I got to the point of being fat like a tick, delightfully inebriated, and impatient to leave. Carla was on refill number 5 and promised that number 6 would be her last. But I knew that then she would need yet another plate for her purse.

Wanting to expedite the larceny and go home, I started shelling crab for her, amassing a large buttery ball the size of an Acorn squash. Squeezing it into my jacket pocket, we were ready to roll.
Leaning on my pregnant but sober wife, Ruth and I staggered out to the car. Ruth was falling asleep as she walked. She and I passed out on the car ride home to our cabin in the boonies.

The next morning, I was up early, strong coffee in hand as I stepped out into the sunny front yard to say Hello to Ohio the Wonder Dog. She stood guard all night at that old house in the woods. Within five years of our moving in to that 1729 era cabin, our five acres turned into a small piece of a huge development, Ashburn Farms, just outside of Washington, D. C.

Million dollar McMansions grew like mushrooms on wet ground.

When Hannah was born, we moved to a modern house. A log home, yes, but newly built. Everything worked. It even had a thermostat on the wall and real AC. Civilized as hell.

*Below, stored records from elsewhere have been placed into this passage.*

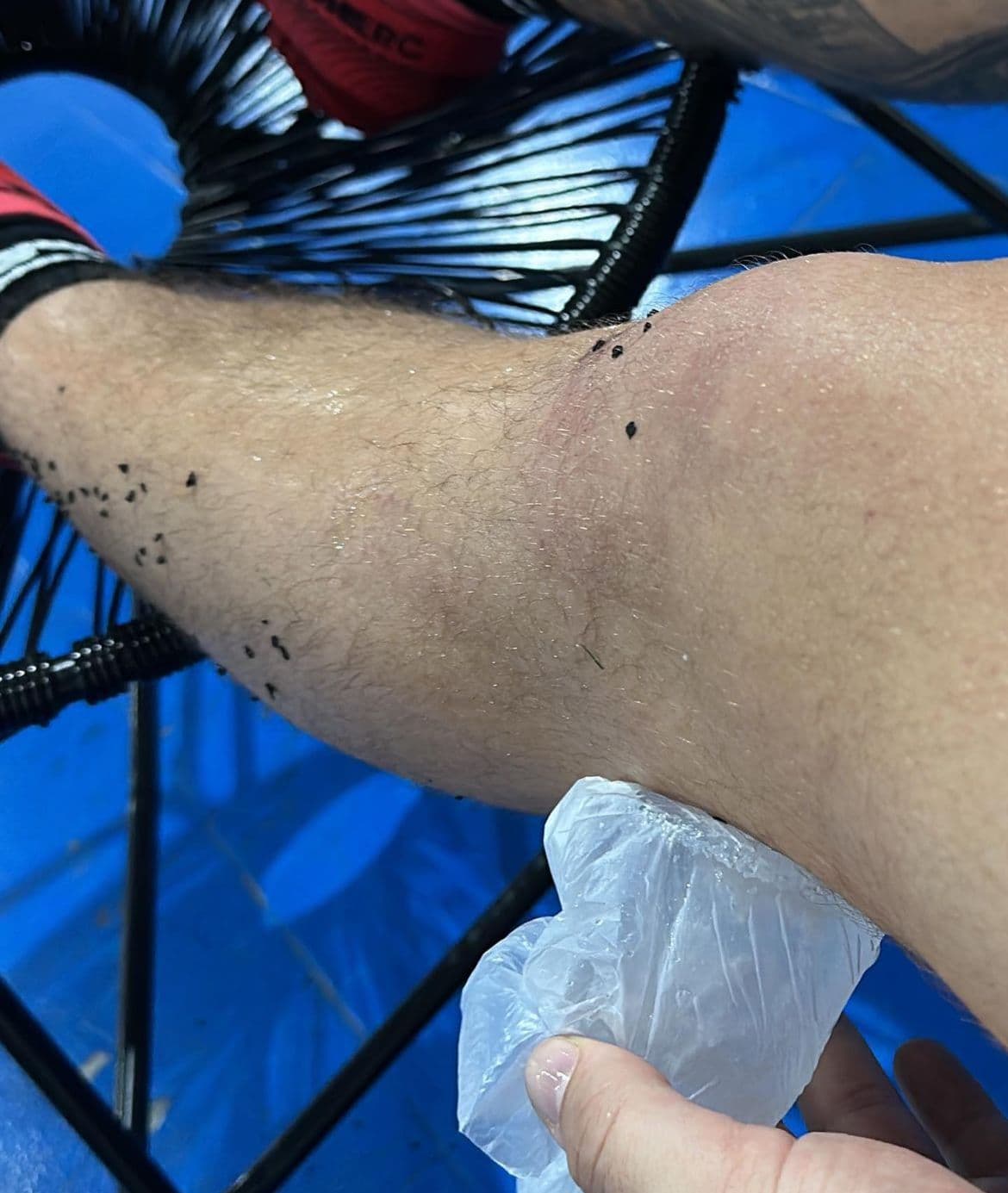 Mc Gui é internado às pressas para realizar cirurgia - Foto Reprodução Instagram Mc Gui é internado às pressas para realizar cirurgia - Foto Reprodução Instagram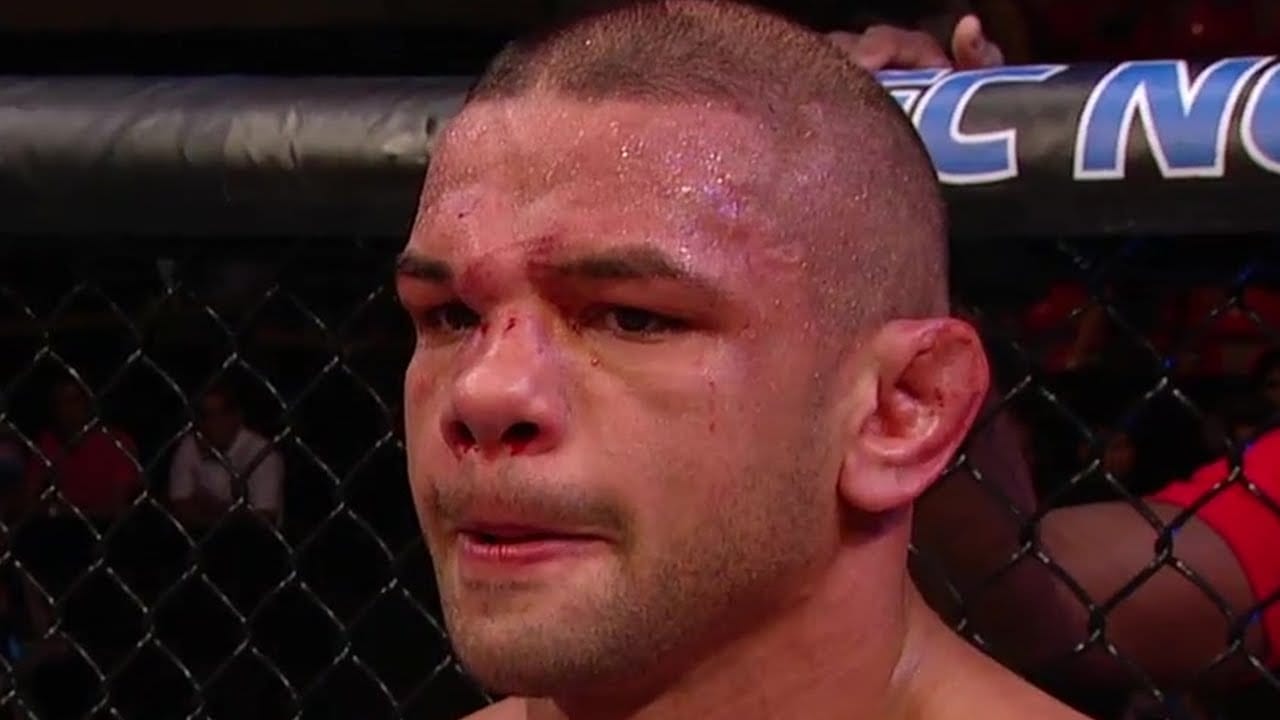 Video: Thiago Alves' Broken Nose Will Most Likely Require Surgery 1 maxresdefault 1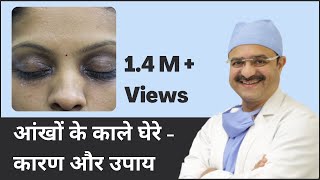 आंखों के काले घेरे  कारण और उपाय Under Eye Dark Circles Causes amp Treatments  In HINDI [upl. by Rovner936]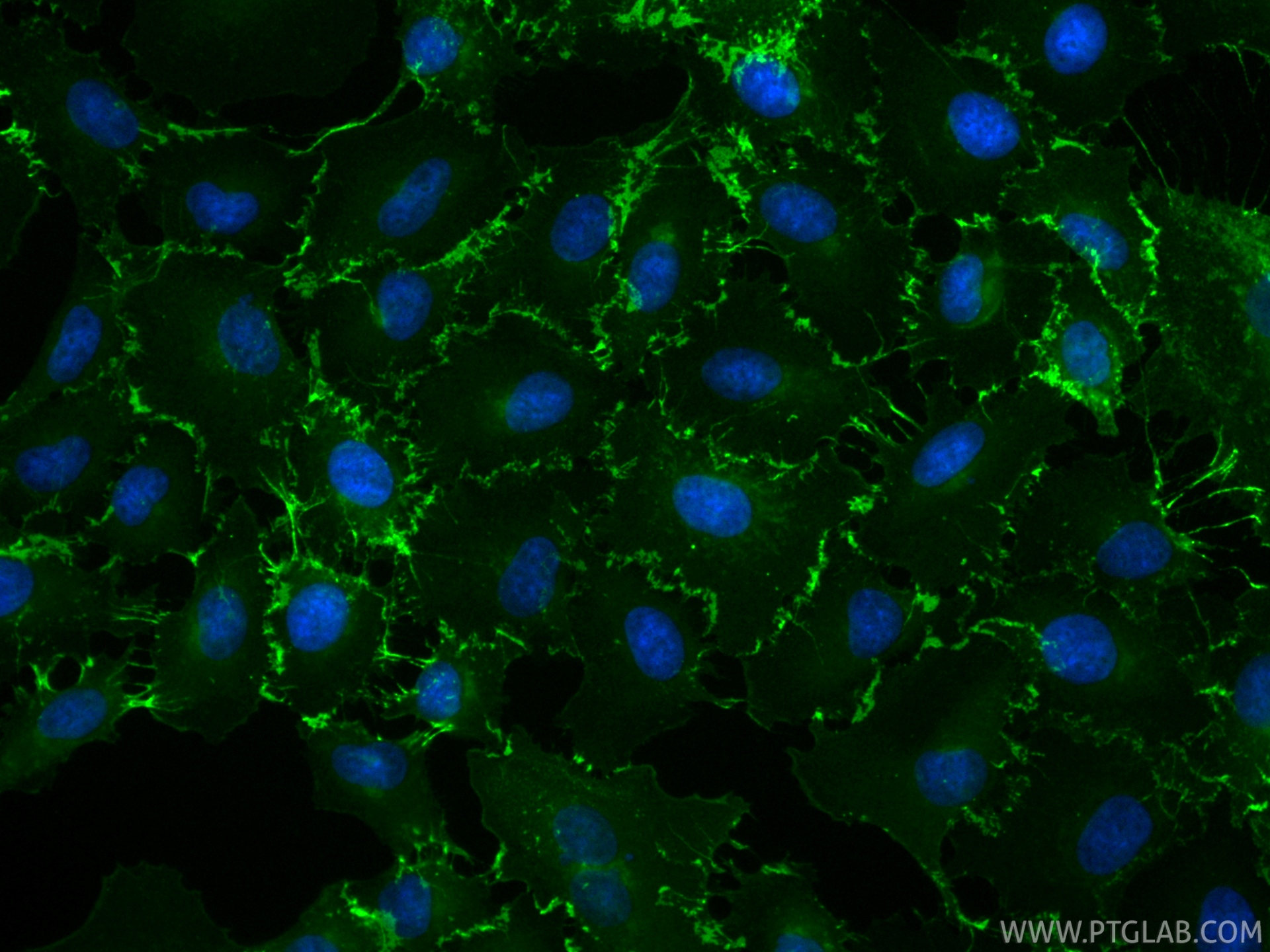 IF Staining of A549 using CL488-86811-3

The whole area was changing rapidly, as were we. Some things got left behind in the shuffle. I have fond, somewhat hazy, memories of our AUCE dinners at Cheapskate Bay Seafood House, a little girl who was excited to play video games all by herself without any help, a wife who went through crab legs as if she was eating for two, and a waiter who kept bringing me seafood and vodka shots, whenever I gave him a “thumbs up”.

One of the things that I have a fond memory of, albeit very brief, was Uncle George’s suede jacket. I discovered the buttered crab in the left pocket late in the afternoon the day after our dinner. The jacket had spent the night in our car, sleeping soundly like a cat draped over a sun-drenched back seat, as the inside of the car heated up like a steam room.

In my hands, that jacket had an unreasonably short shelf life. The entire left side around the pocket was stained dark like the bottom of a well worn shoe. Wicking out another 6 inches from there, butter turned the green suede black. The whole jacket smelled like stale cat food. A total loss.

But we had an awesome night.

I’m sorry that I ruined your jacket though, Uncle George, but I guess you had bigger issues to worry about at the time, being recently dead and all.